UPDATE: I know asterisk-the-third is going to sound like bunk to a lot of people. I can live with that. In my defense I offer this snippet from the Capitol Journal story this morning:
Kline's attorneys asked to file a motion under seal with the federal court to shield a witness from being tampered with by someone outside the "Olathe 8" lawsuit. The request was denied by U.S. Magistrate Judge James O'Hara, who suggested the motion could be filed as a public document. The D.A.'s legal team said a confidential motion was appropriate because contents of the motion could cause someone "grave harm."

However, the judge concluded the motion's contents might have political consequences to both Kline and the person he was accusing of witness tampering. In the end, Kline never filed the motion in open court.
Even though it would have helped his case and exposed Morrison at the same time, Kline declined to file the motion publicly, saving Carter's reputation. Would he do the same during an election? Only he knows, but I have my suspicions.

UPDATE the SECOND:

The KC Star is just sure that Phill is behind it all:
Morrison's suggestion that Phill Kline, his political nemesis and successor in the Johnson County courthouse, had something to do with leaking the story is probably on target. One tipoff: The story broke in the Topeka Capital-Journal, the state's only major newspaper to endorse Kline over Morrison and one of the few newspapers with which Kline enjoys a good rapport.
Yup, Phill talked that innocent girl into filing a federal harassment complaint against Morrison, quitting her job, and voluntarily assuming the reputation of a jilted mistress****, all when he could have exposed the whole thing by simply filing a court order - even if it was denied, the purpose would have been served - asking that Morrison be ordered to stop intimidating his employees. He's a smoothie, that Phill.

* That disease of mind in which one sees everything evil in society as being personally orchestrated by El Presidente.

** He admits to the former, she alleges both. Apparently the federal court system will decide who is right and who is impeached.

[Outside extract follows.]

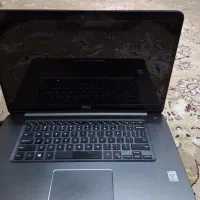 لبتاپ DELLنسل5|رایانه همراه|شیراز, سینما سعدی|دیوار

*** In fact, it's pure speculation. While it's quite possible that one of these, um, liasons occurred in my old office at the capitol, I was not in the upper echelon of Phill's last campaign. However, I do know Phill, and he really is the kind of guy who would lose an election rather than throw a woman under a bus. Damned chivalry!

****
and I'm just sure she couldn't wait to see stuff like "Not just an affair, those two shagged like rabbits all over that courthouse!!" on the internet.